Is TermKit dead? Why? - thomaspark
http://www.reddit.com/r/programming/comments/137kd9/18_months_ago_termkit_a_nextgeneration_terminal/

======
fusiongyro
Such a beautiful demo. I was (am?) really looking forward to this "making it."
I do think it's going to take a pretty massive development effort to make it
work well though.

For starters, you're going to want to be dealing with objects or structured
data rather than raw strings. So you'll be rewriting or writing wrappers for a
lot of Unix. Powershell hasn't really been ported to Unix yet, presumably
because the "unix greybeards" as he puts it are dogmatically attached to plain
text as the communication medium, and not without reason. Maybe if you made
HTML or JSON the medium you could simplify this? I suspect you'll want the
opacity only live objects can provide though, and that probably means you're
opening yourself up to the usual parade of problems.

He mentions that Unix's execution model makes this kind of a non-starter. I
have no idea which things here were actually the problem, but I can definitely
see how building on very early Node exacerbated the problem. OTOH Node seems
like the "correct" platform—Lighttable is also arriving as essentially a
browser bundled with embedded Node.

In all, I hope he does pick it up.
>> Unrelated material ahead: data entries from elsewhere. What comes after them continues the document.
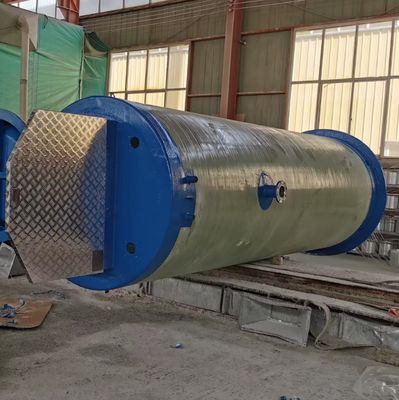 IP68 Intelligente GRP FRP-Pumpstation Glasfaser Vergrabene Pumpstation Vorgefertigte Installation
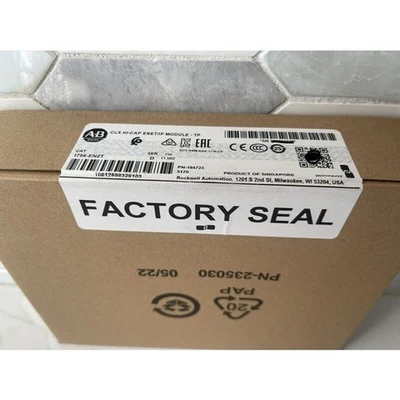 New Factory Sealed Allen Bradley 1756-EN2T ControlLogix EtherNet/IP - Photo 1/2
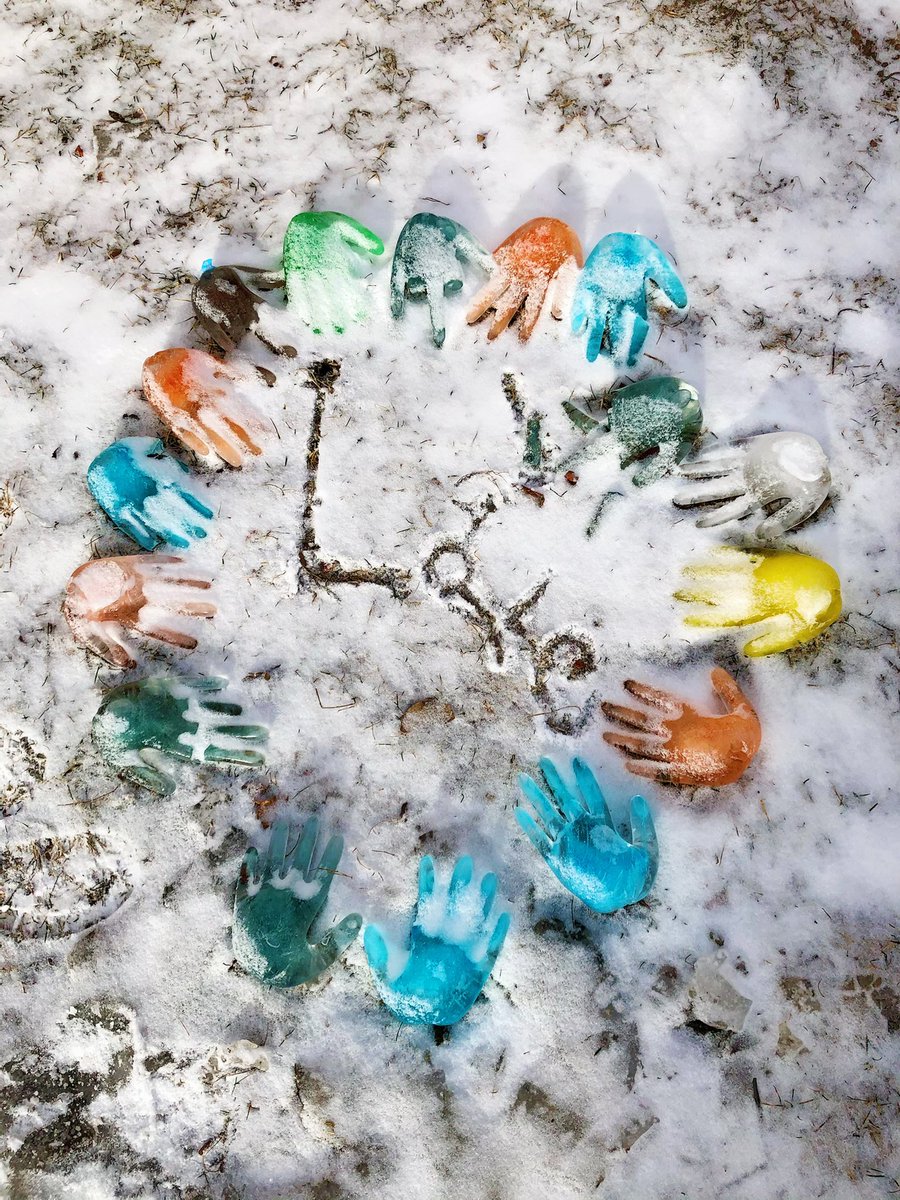 ColedalePS's tweet photo. The @ColedalePS have joined rainbow frozen hands together in unity to show our commitment to community! https://t.co/OVHvmc5Asv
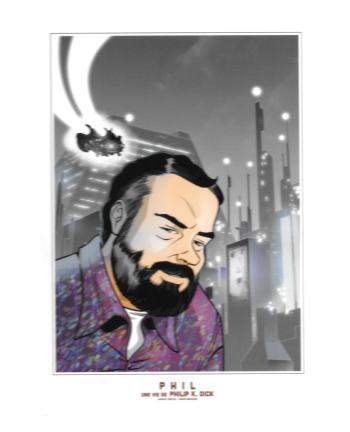 Couverture de l'album Phil - Une vie de Philip K. Dick (One-shot)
I would bet that part of why this hasn't
happened before or since is because there are many ways to approach the
problem that would work but they all probably involve deep changes to the
OS—or at least lots of new code. Microsoft can get away with these kinds of
things because they also have the whole OS and VM, and they could throw a lot
of people at an inelegant solution and still make it work. One guy, working on
it in his spare time probably can't produce that volume and there will always
be the nagging sensation that if approached from another angle it would be
less work. I don't think it's true, but I could see falling into the trap.